++++ Data to use ++++
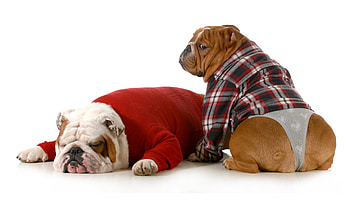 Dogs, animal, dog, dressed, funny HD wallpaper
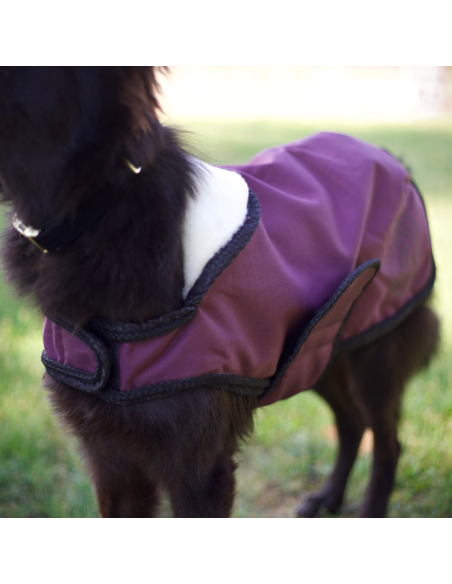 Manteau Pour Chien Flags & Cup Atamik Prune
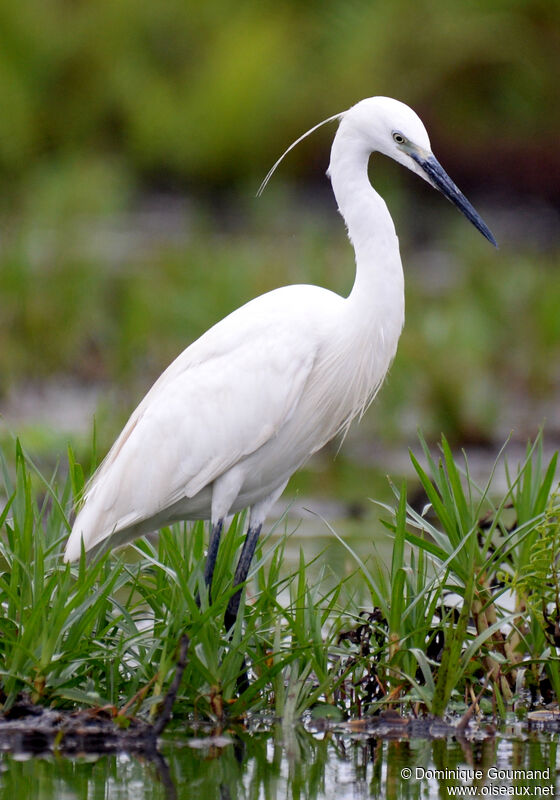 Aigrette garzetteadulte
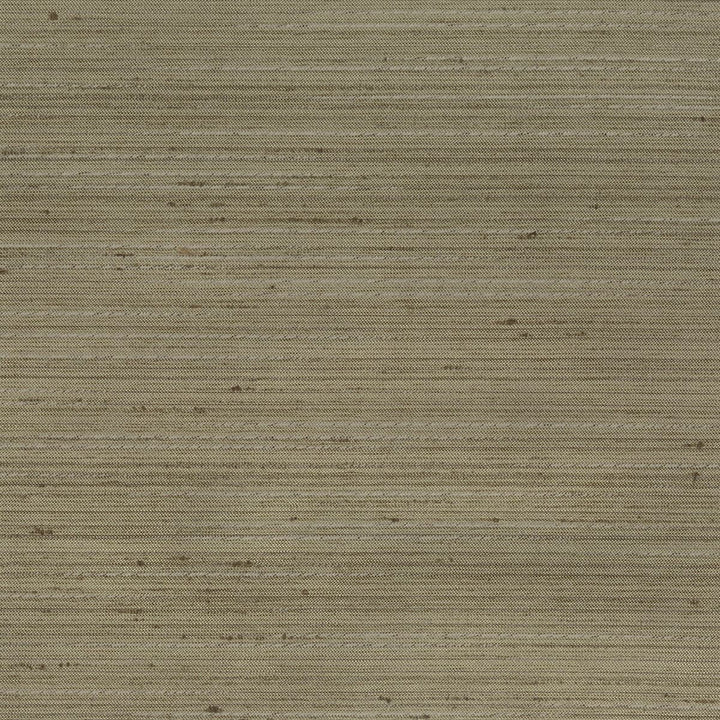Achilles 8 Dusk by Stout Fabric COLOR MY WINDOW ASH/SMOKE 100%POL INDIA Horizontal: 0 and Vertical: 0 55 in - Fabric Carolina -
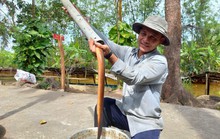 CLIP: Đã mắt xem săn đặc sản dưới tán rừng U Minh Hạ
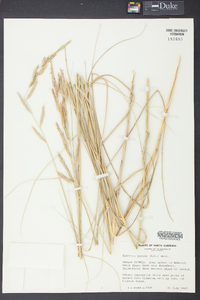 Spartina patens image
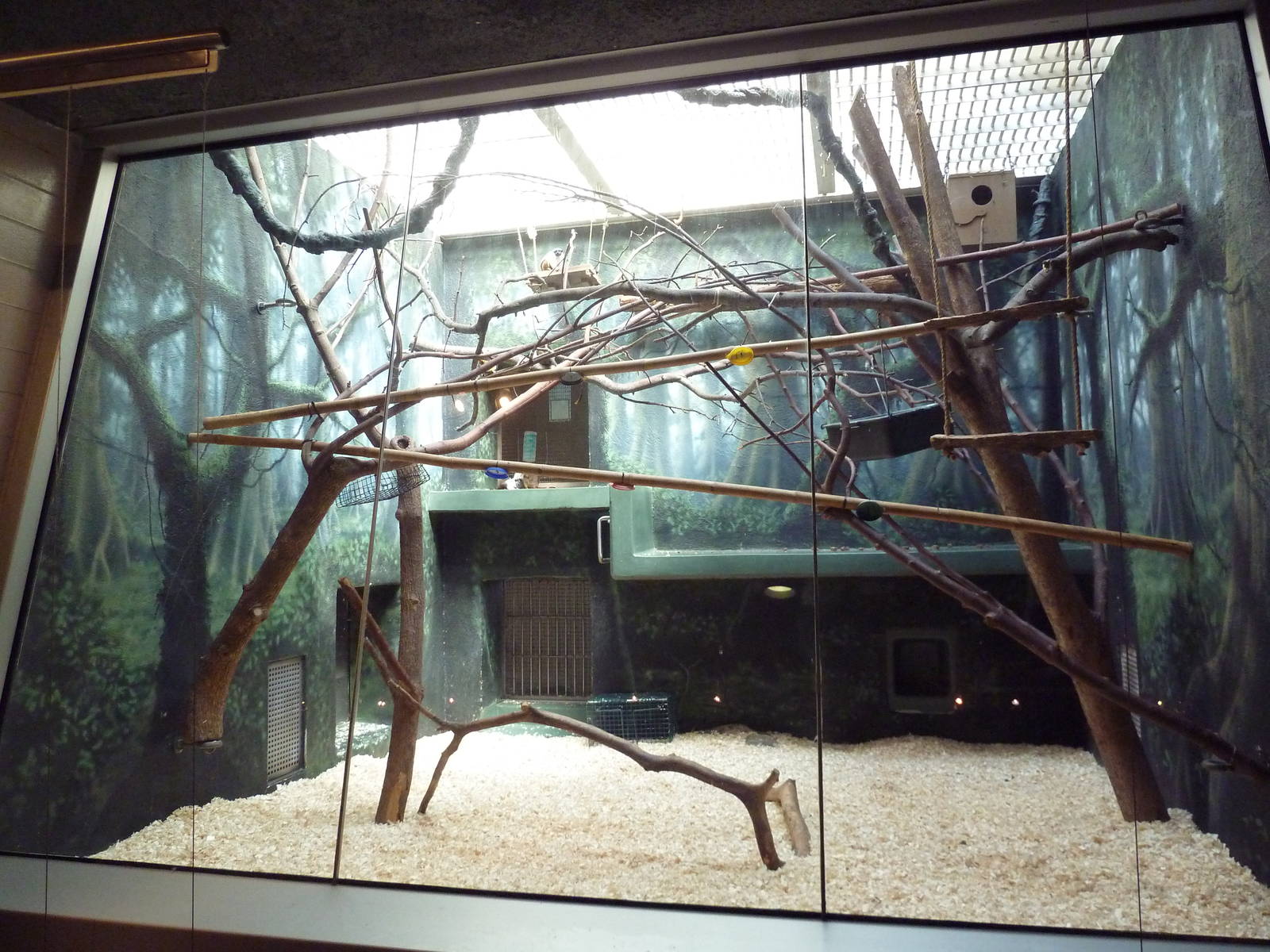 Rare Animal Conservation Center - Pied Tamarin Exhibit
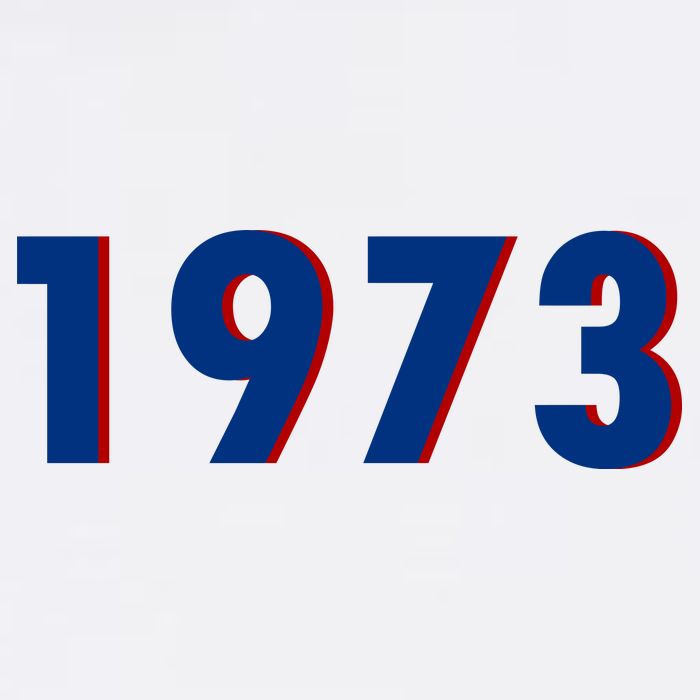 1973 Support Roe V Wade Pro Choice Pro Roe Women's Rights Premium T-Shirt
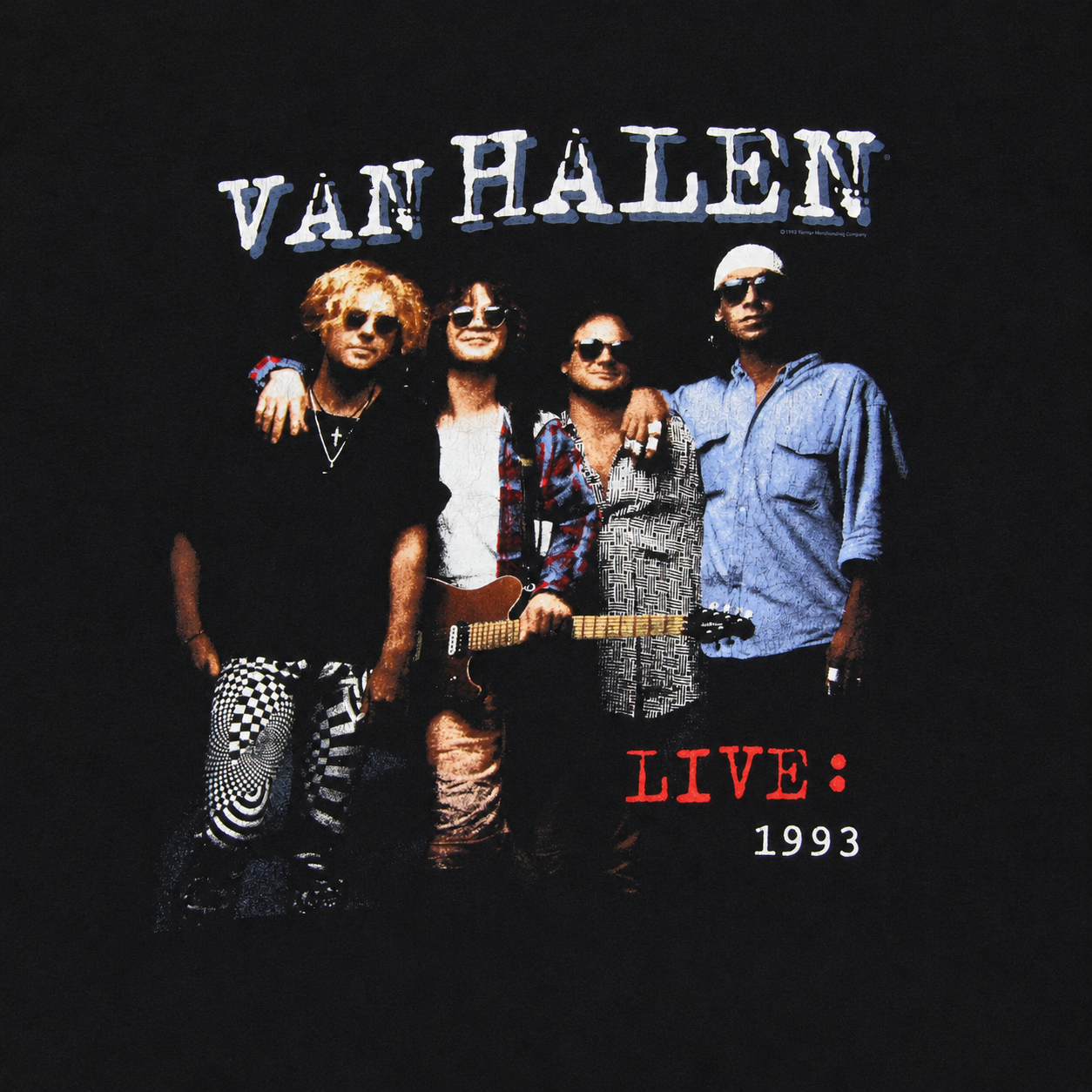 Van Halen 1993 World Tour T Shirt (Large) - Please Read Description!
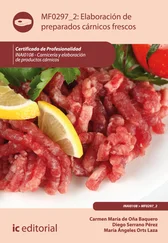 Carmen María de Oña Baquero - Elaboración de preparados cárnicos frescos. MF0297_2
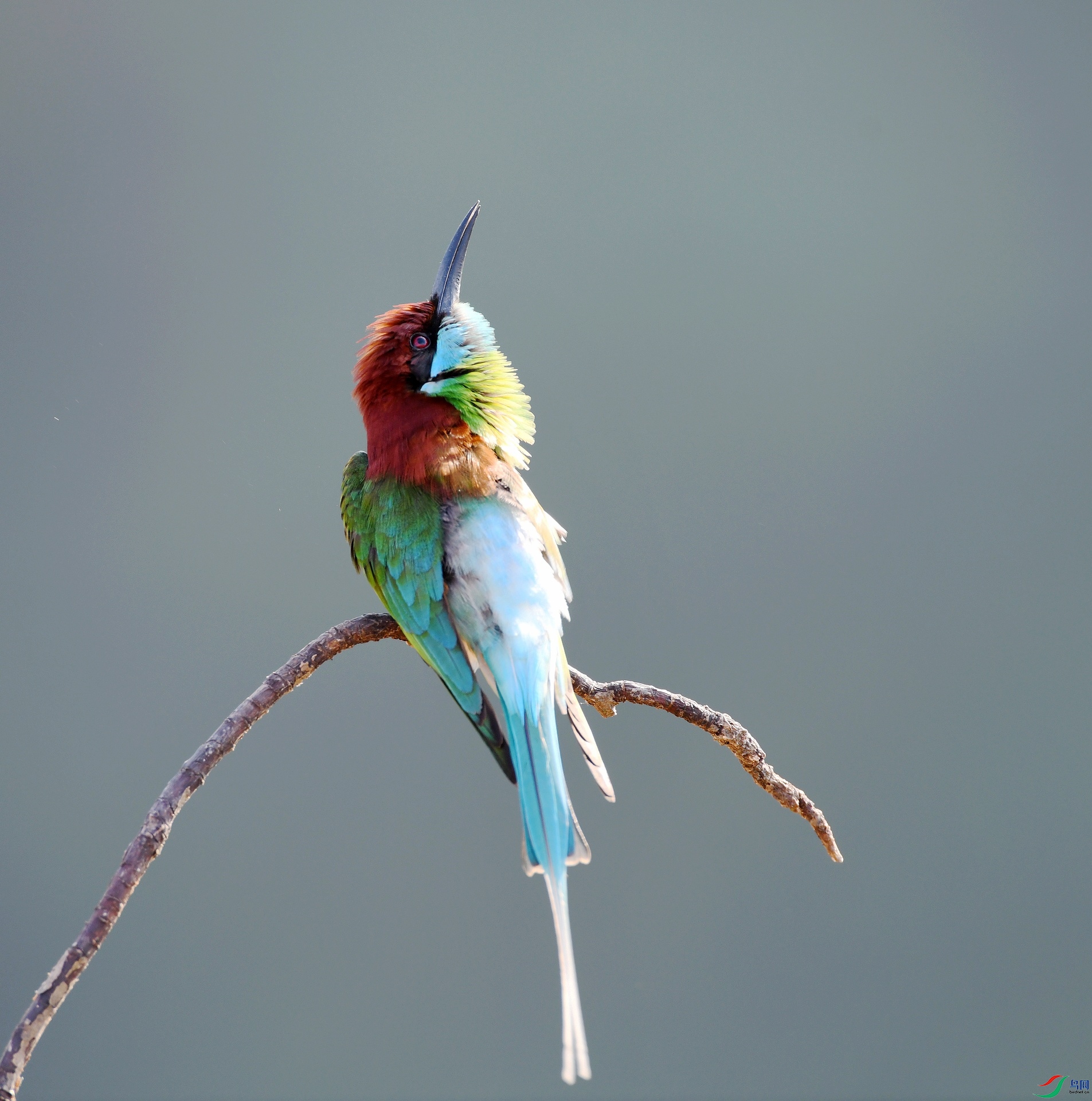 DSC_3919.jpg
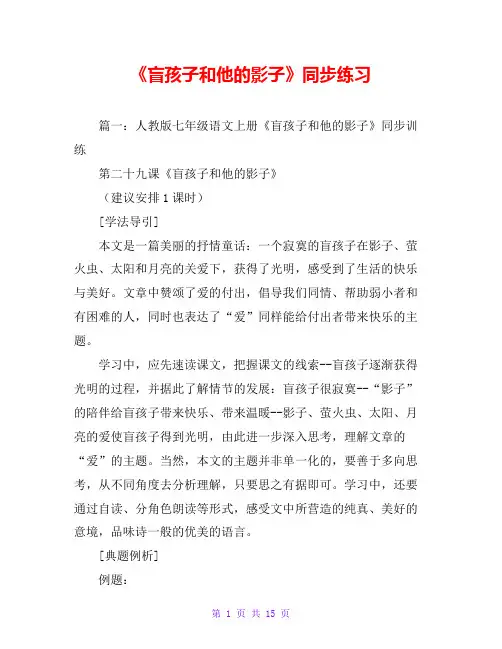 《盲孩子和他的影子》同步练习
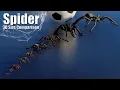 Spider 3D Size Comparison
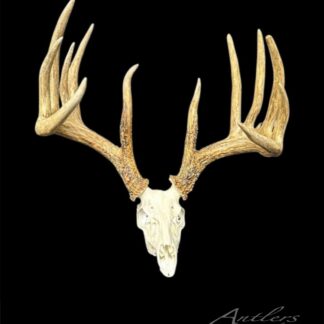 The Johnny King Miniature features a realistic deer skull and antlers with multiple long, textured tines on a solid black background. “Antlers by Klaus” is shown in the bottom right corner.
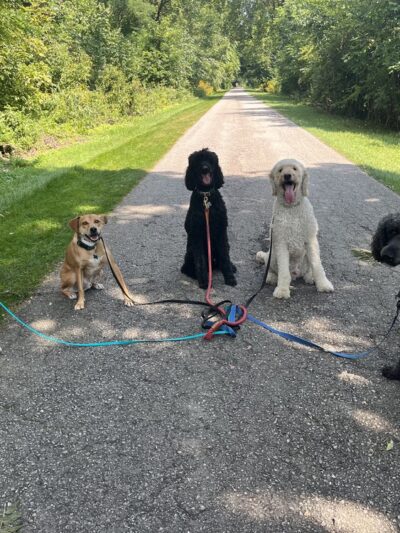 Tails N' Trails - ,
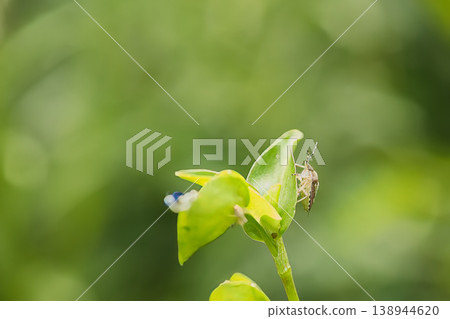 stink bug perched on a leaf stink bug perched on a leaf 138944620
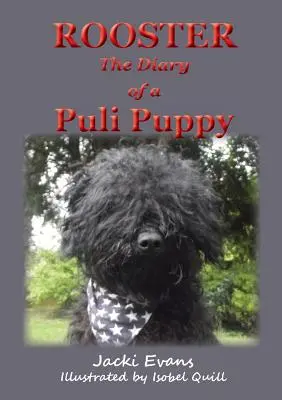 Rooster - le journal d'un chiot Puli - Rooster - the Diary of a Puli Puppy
++++
> **Requirement**:
Take the records from their first line through the line containing "Achilles 8 Dusk" and please return exactly those lines, both ends included, minus the pictures.

> **Answer space**:
 Dogs, animal, dog, dressed, funny HD wallpaper
 Manteau Pour Chien Flags & Cup Atamik Prune
 Aigrette garzetteadulte
Achilles 8 Dusk by Stout Fabric COLOR MY WINDOW ASH/SMOKE 100%POL INDIA Horizontal: 0 and Vertical: 0 55 in - Fabric Carolina -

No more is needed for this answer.